Las madres deben ser buenas, sacrificadas, abnegadas, entregadas, amorosas, limpias, dispuestas a quitarse el pan de la boca, sufridas, justas, ecuánimes, incansables, de una conducta intachable, íconos del buen ejemplo, etcétera, etcétera, etcétera.
Eso es lo que la sociedad, la cultura y los medios de información masiva han acordado que es una madre ejemplar. La realidad es que, como seres humanos hechos de carne y hueso, las madres tienen un montón de defectos.
Las que no son violentas son mal habladas o egoístas o tacañas o descuidadas o todas las anteriores o ninguna de las anteriores, pero sí otras cosas por el estilo y muchas otras más que por razones de espacio -y por no cargarles más el dado- no vamos a mencionar.
Aunque se empeñen y lo traten de evitar, las madres marcan a sus hijos, los acomplejan, malcrían, envanecen, los tratan con favoritismo y los llenan de ínfulas y regalos lo mismo que los llenan de golpes e insultos.
Y es por eso que a cada uno nos tocó tener una madre que hizo lo mejor que pudo con lo que tuvo en el momento en que debió lidiar con tal o cual situación, o sea que fue ella y sus circunstancias, como diría Don Ortega y Gasset. Esta mujer se encontró a sí misma a medio camino entre el ideal que la norma le exigió que fuera, la madre que como persona bien intencionada aspiraba a ser y aquella que al final le salió de adentro.

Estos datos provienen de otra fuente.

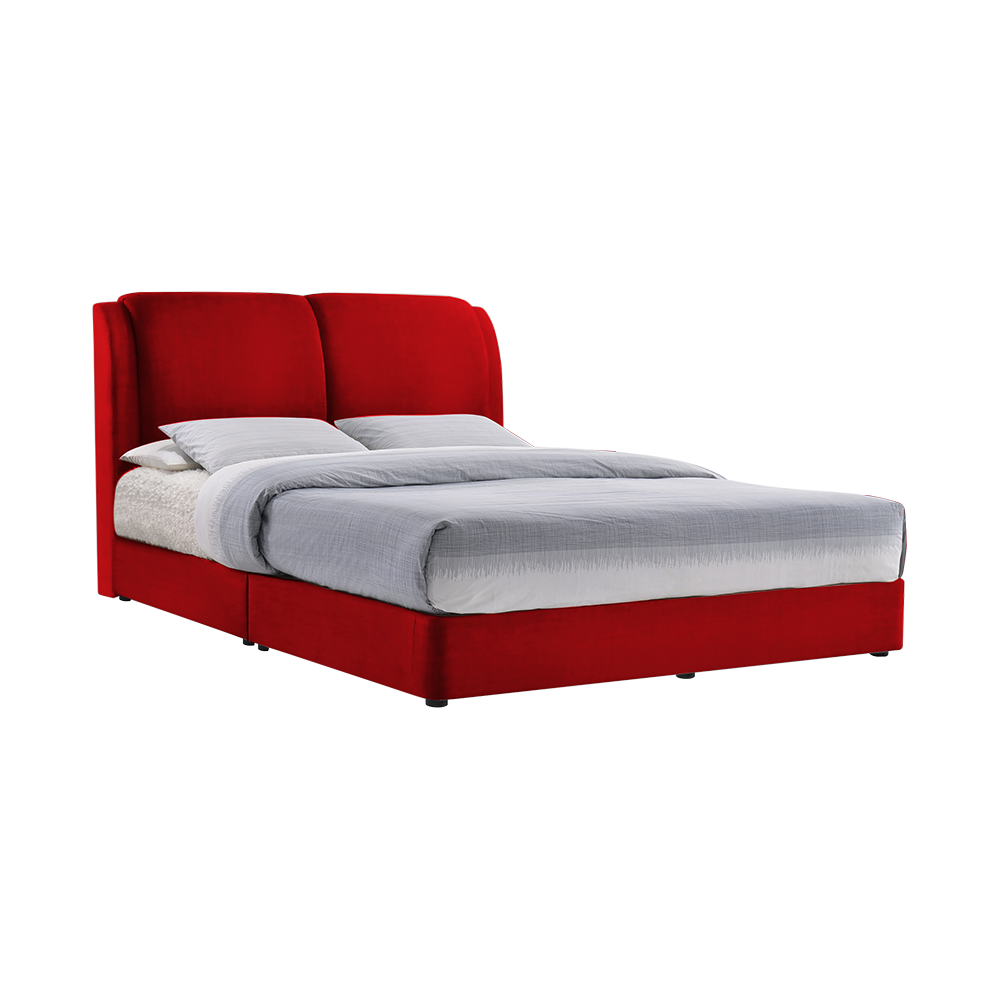 ALFRED - Mix & Match Divan Bed Frame (without drawer) - Single / Super Single / Queen / King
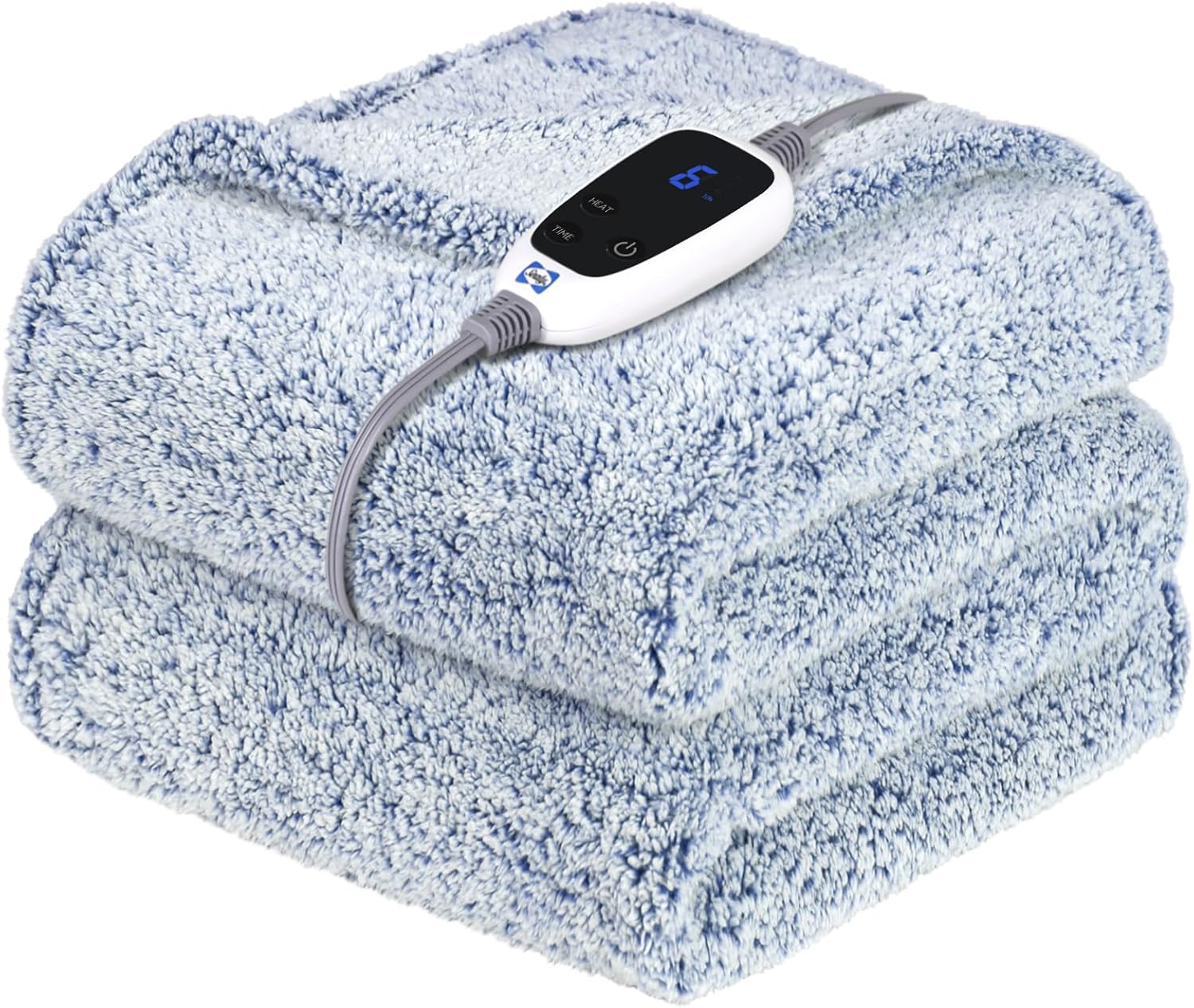 Sealy Electric Blanket Heated Throw for Cozy Winter Nights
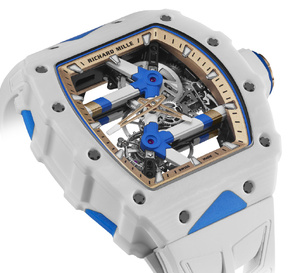 Richard Mille RM 64-01 Tourbillon Colnago : aussi technique qu'esthétique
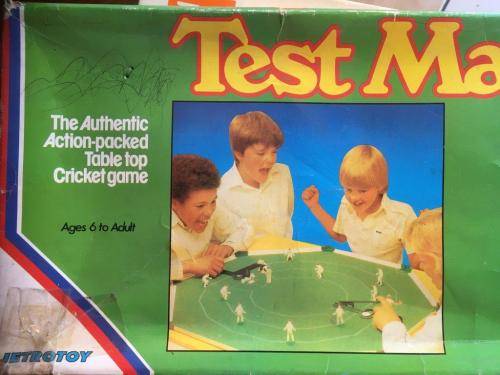 Vintage Test Match Cricket 1985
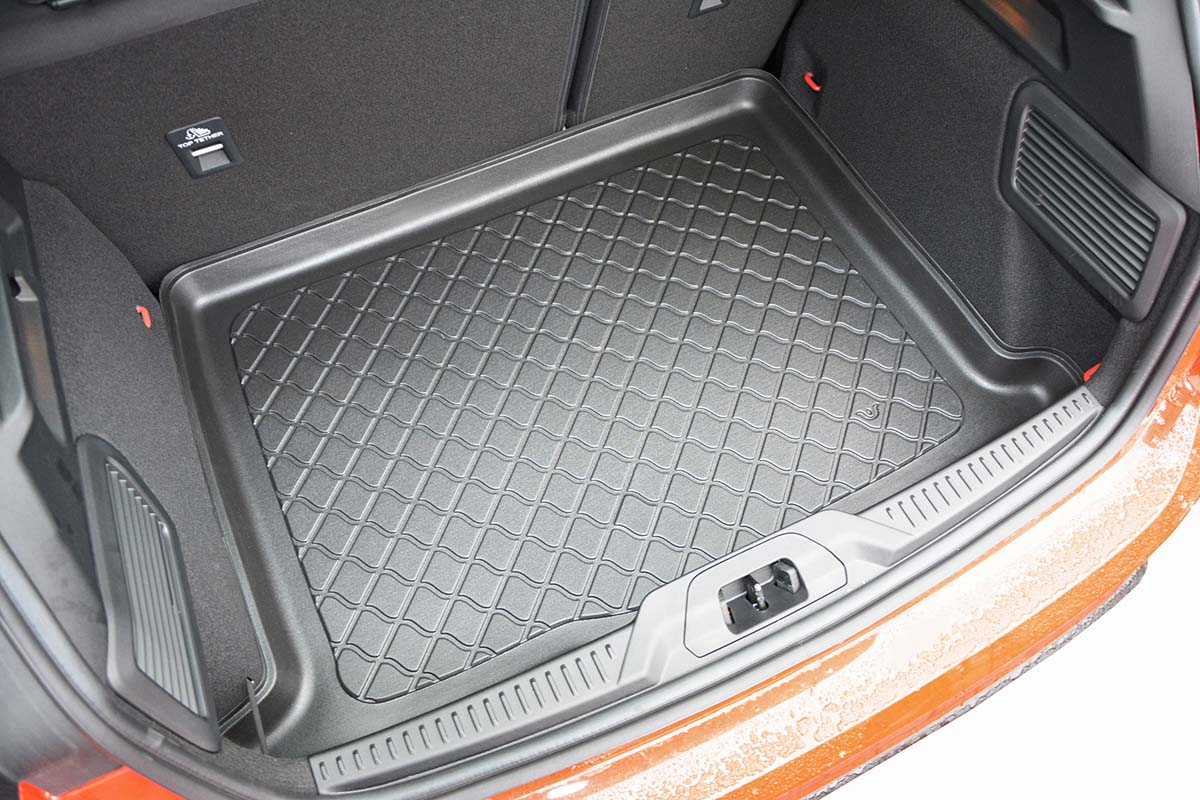 Tavite portbagaj Ford Focus IV MHEV, caroserie hatchback, an fabricatie 09.2018 - prezent, portbagaj inferior, roata rezerva ingusta | 193141GRD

A veces, a causa de esta última, las madres se culpan, a menudo en silencio, por esa otra que fueron hace veinte o treinta años atrás, o uno o dos hijos atrás, cuando no habían acumulado la sabiduría, la experiencia, la madurez que tienen ahora.
Las pobres, se sienten responsables de lo que usted y yo hemos resultado ser, porque, ¡Ay, Jesús! se han llegado a creer que son la únicas responsables y las solas las arquitectas de nuestros destinos.

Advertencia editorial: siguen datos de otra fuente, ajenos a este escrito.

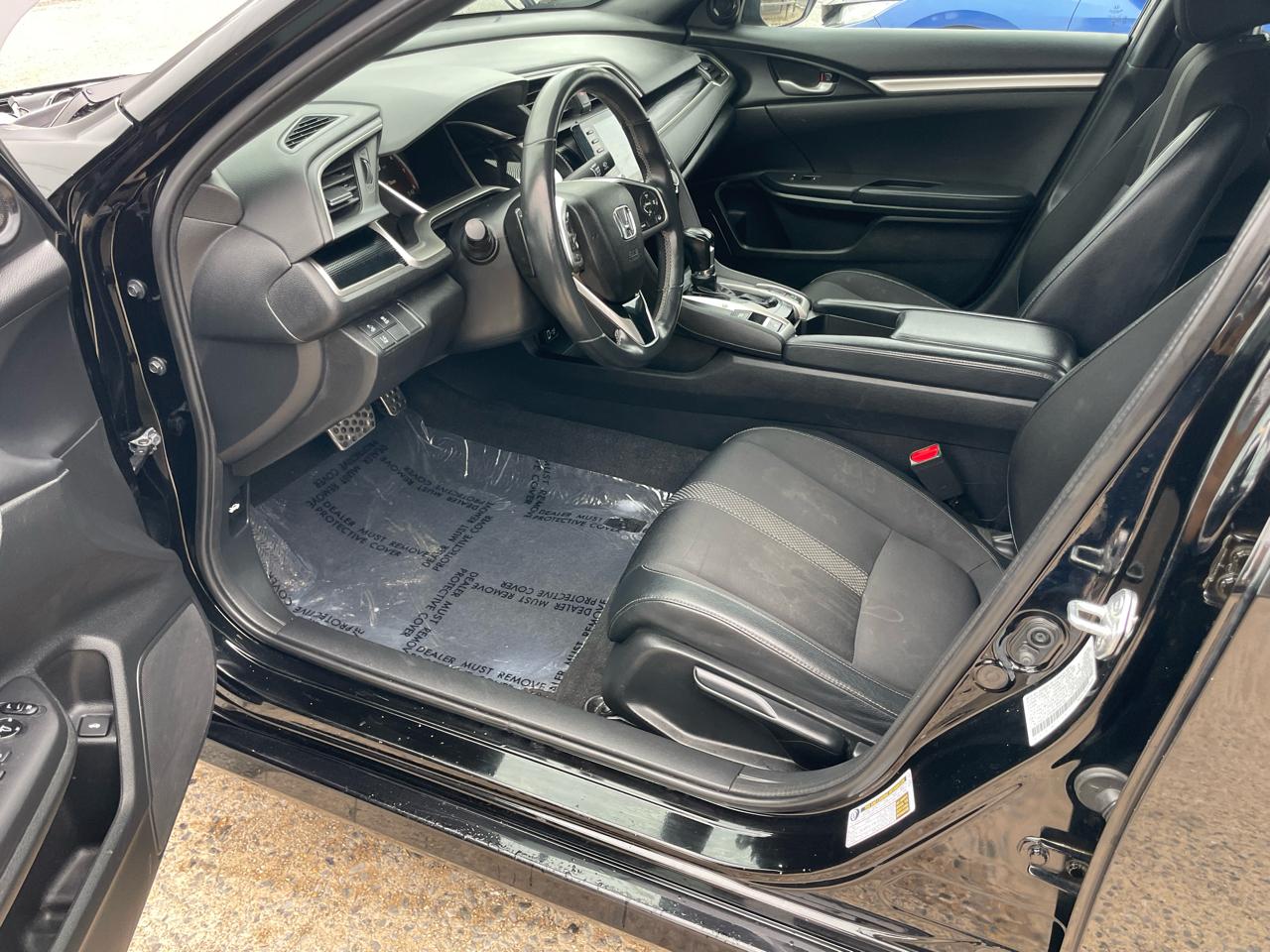 Honda Civic EX Honda Sensing Sedan CVT 2021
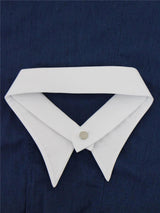 Forties Vintage Style Detachable Spearpoint Collar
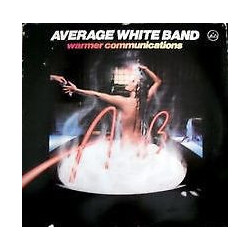 Average White Band Warmer Communications Vinyl LP USED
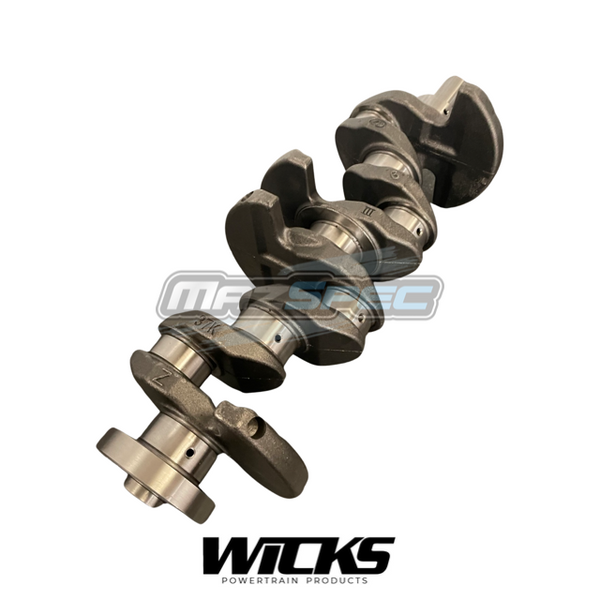 Wicks Powertrain Replacement Crankshaft (1.8/2.0) LF MZR - MX5 MK3 / NC (06-15)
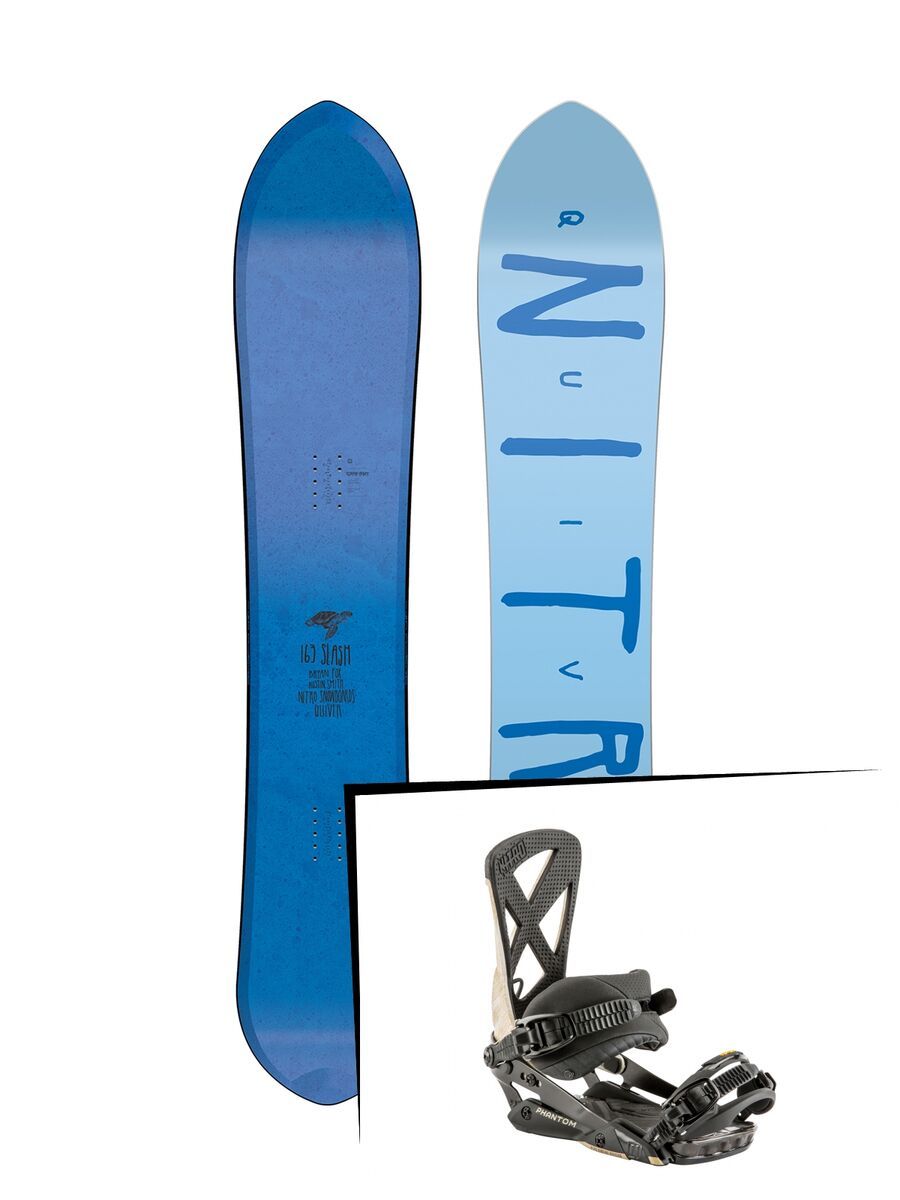 Set: Nitro Quiver Slash 2019 + Nitro Phantom greywood - Bild 1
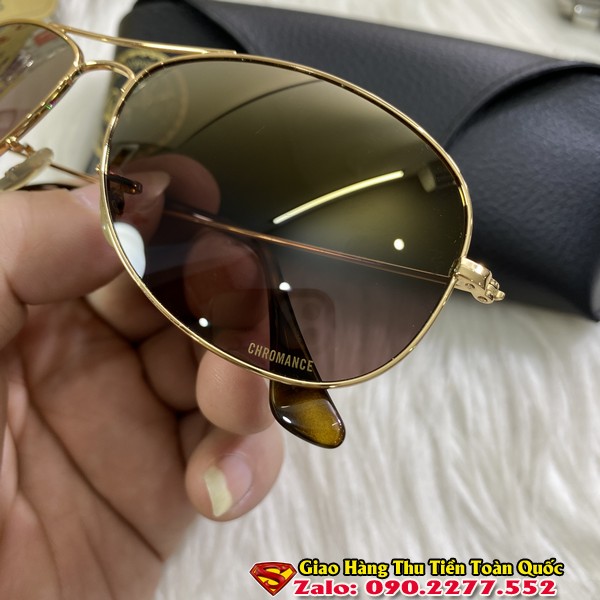 Kính Rayban Cũ Chính Hãng Còn Đẹp Mắt Chống Chói Kèm Bao Zin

Y de ahí que algunas de nuestras madres guarden en el armario un montón de sinsabores por el papel que ellas jugaron en crear eso que somos, que como suele ocurrir, no es la versión que ellas soñaban de nosotros si no un híbrido que guarda poca o considerable similitud con sus añoranzas y mucho mayor resemblanza con aquello que a usted y a mí nos dio la gana de ser.
Sin embargo, el desencanto se da a la inversa, ya que es mutuo. No son pocos los hijos que cargan un ansia existencial, una crisis interna que lleva el nombre de su progenitora escrito en cada esquina.

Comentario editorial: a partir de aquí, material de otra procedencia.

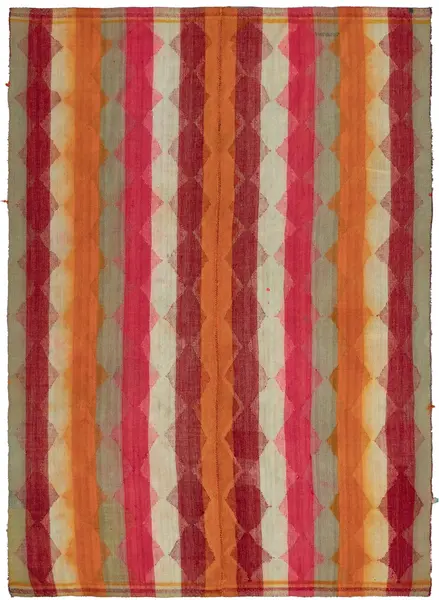 vintage colorful kilim / 25702 | WOVEN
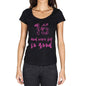 16 And Never Felt So Good, Black, Women's Short Sleeve Round Neck T-shirt, Birthday Gift 00373 - ultrabasic-com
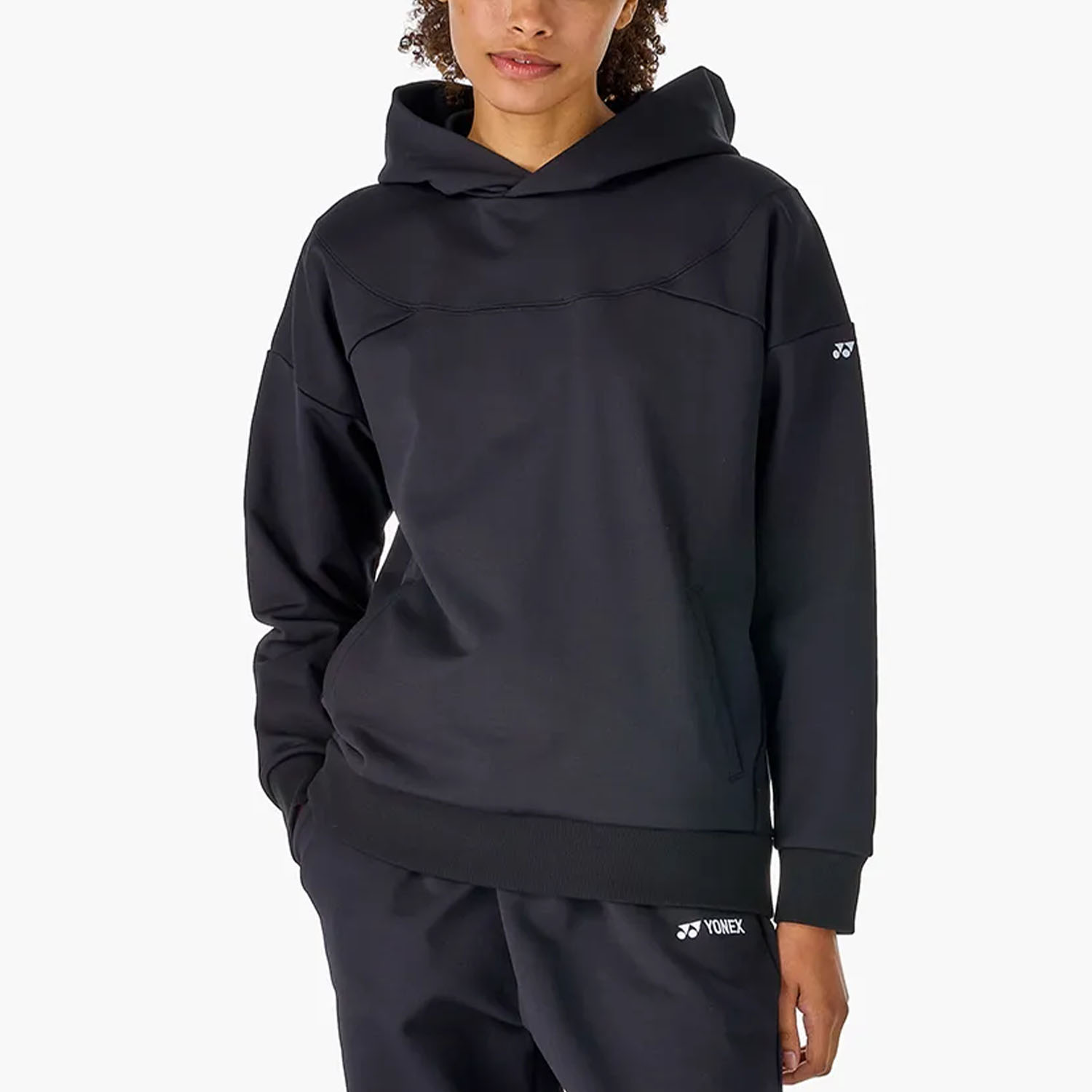 Yonex Practice Pro Hoodie - Black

Esos hijos se siente defraudados al comparar el modelo de “madre ejemplar” con la suya. Tal modelo, taladrado entre ceja y ceja con las maquinarias de consumo masivo: los dibujos de Disney, las películas de Hollywood, el cine de oro mexicano, las telenovelas, las comparaciones con la madre del vecino – pues no es secreto que las comparaciones son también de consumo masivo- dicho modelo, decía, es un mito.
Está basado en expectativas irreales, expectativas que pertenecen al mundo de la ficción y no a esta tierra. Al igual que el resto del mundo, las madres evolucionan y progresan. Muchas ya no son ni siquiera la sombra de aquella archivada en nuestras memorias.
A ellas, a nosotras, a todos nos engañaron con el cuento de hadas del perfecto amor filial y la abnegación sin par, un cuento que, aquí entre nos, es una realidad inalcanzable y un hueso muy duro de roer.